• [Work instruction]: Transcribe, exactly and without pictures, the lines below from the line with "La Cjase Di" to the line with "RENAULT KANGOO Sdis 62", both ends included, and no others.

• [Data supplied]:
[Start of Attachment]
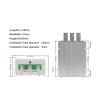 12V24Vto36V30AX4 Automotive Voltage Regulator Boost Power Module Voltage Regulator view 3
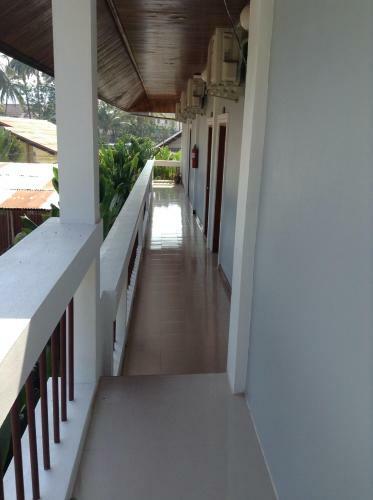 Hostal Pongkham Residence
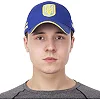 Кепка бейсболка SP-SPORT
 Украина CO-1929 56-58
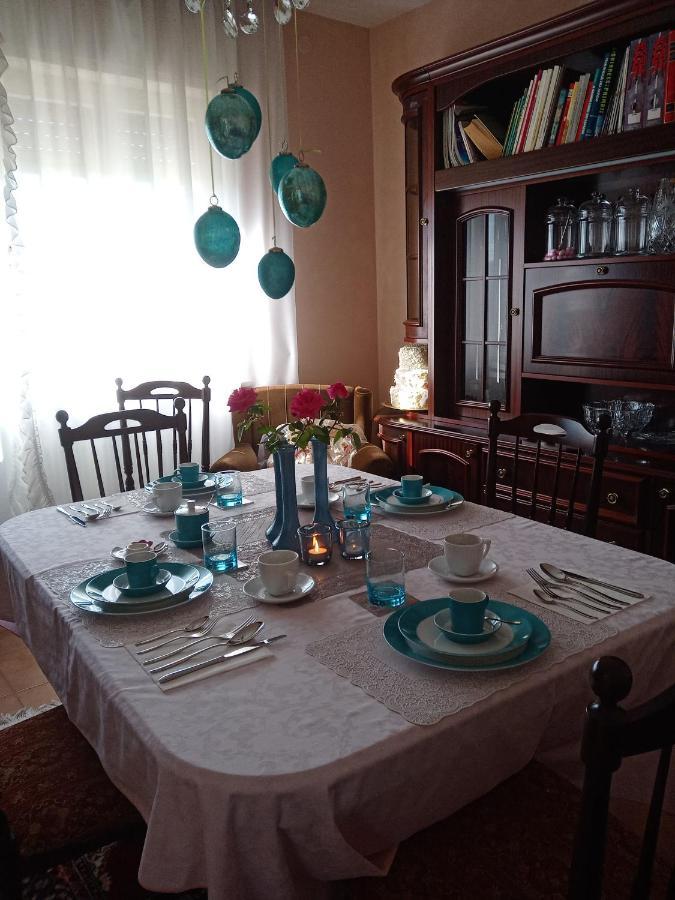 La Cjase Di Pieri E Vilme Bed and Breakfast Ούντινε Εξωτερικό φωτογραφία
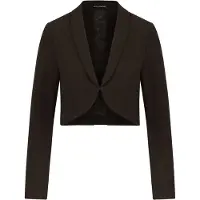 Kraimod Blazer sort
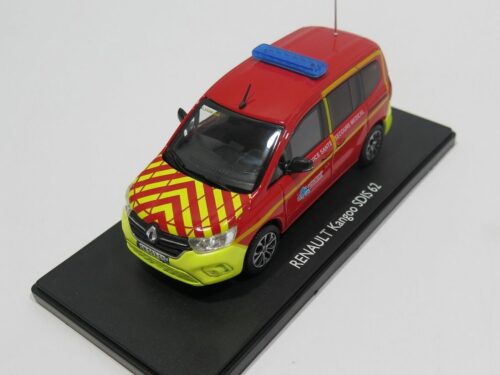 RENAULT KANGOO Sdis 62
[End of Attachment]
[Start of Attachment]
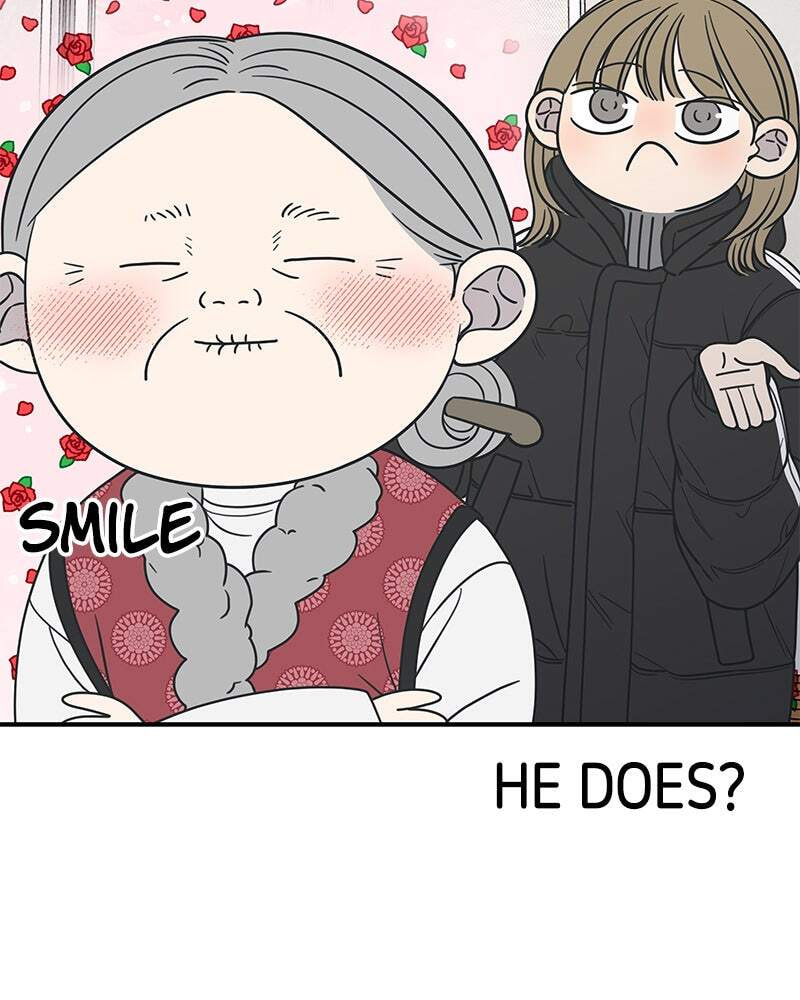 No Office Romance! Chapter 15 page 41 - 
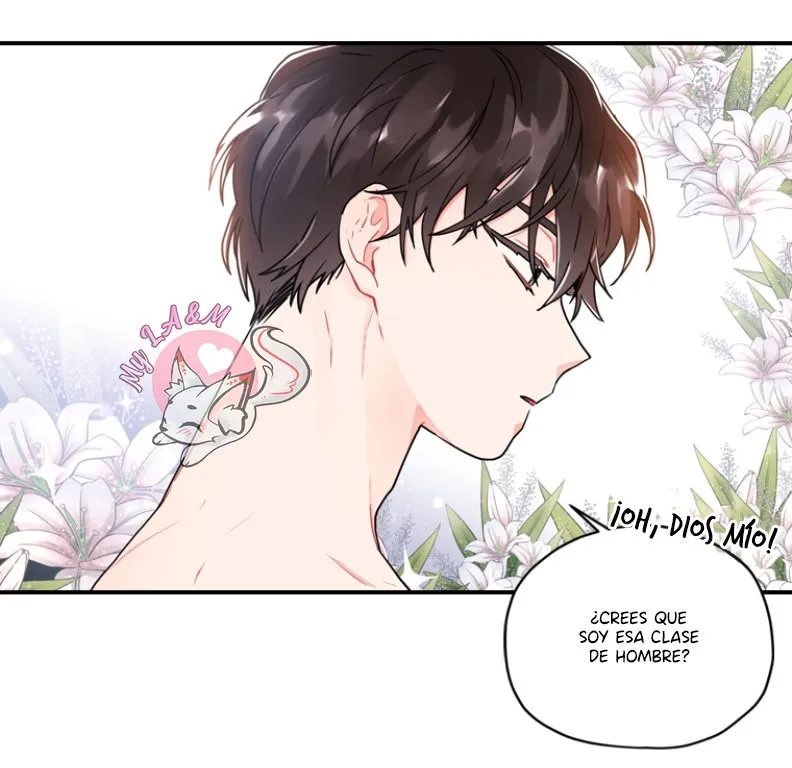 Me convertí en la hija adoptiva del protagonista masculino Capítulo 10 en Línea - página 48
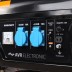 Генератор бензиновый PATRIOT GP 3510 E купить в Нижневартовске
[End of Attachment]
[Start of Attachment]
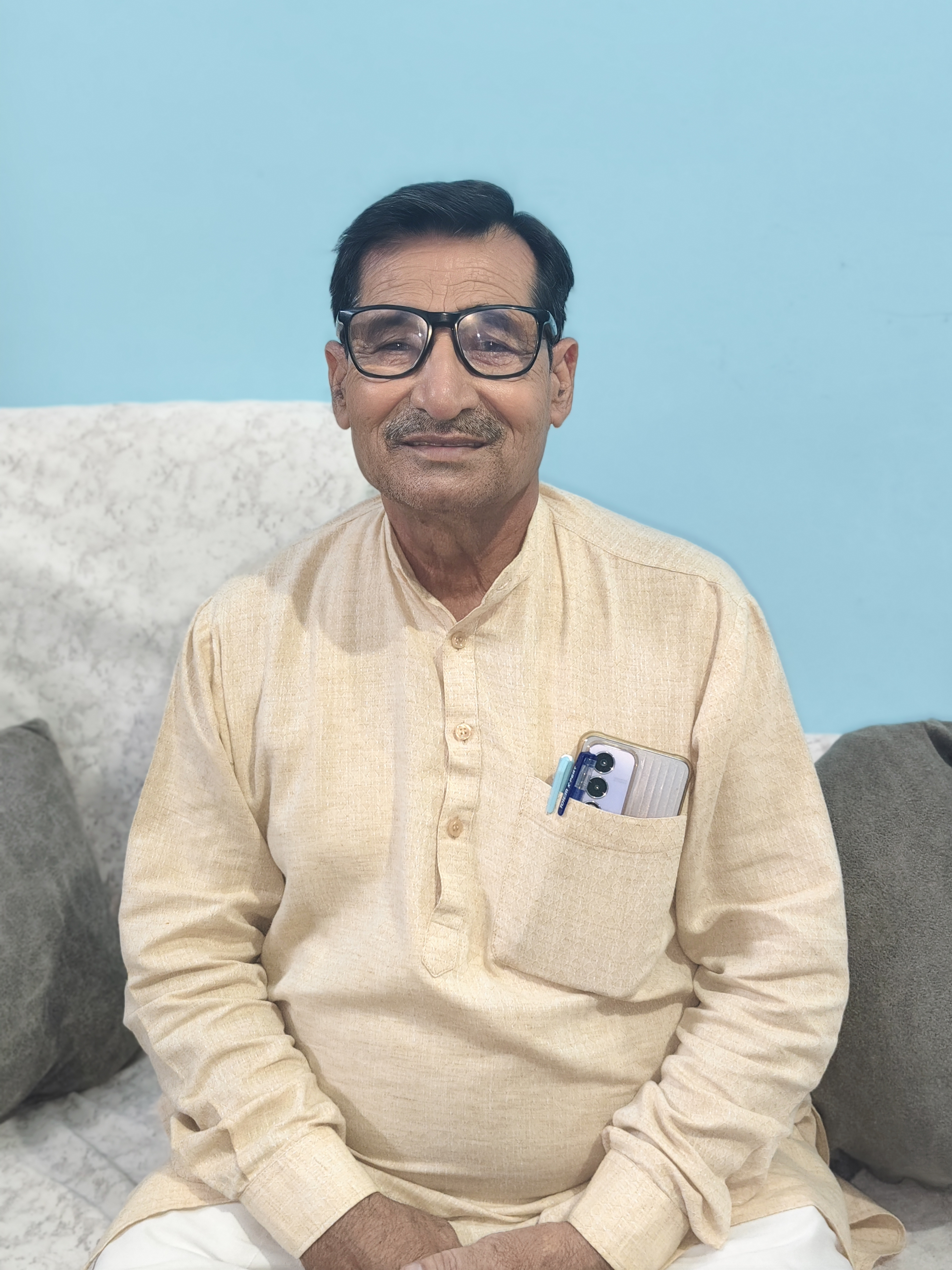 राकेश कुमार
[End of Attachment]
• [Exercise answer]:
 La Cjase Di Pieri E Vilme Bed and Breakfast Ούντινε Εξωτερικό φωτογραφία
 Kraimod Blazer sort
 RENAULT KANGOO Sdis 62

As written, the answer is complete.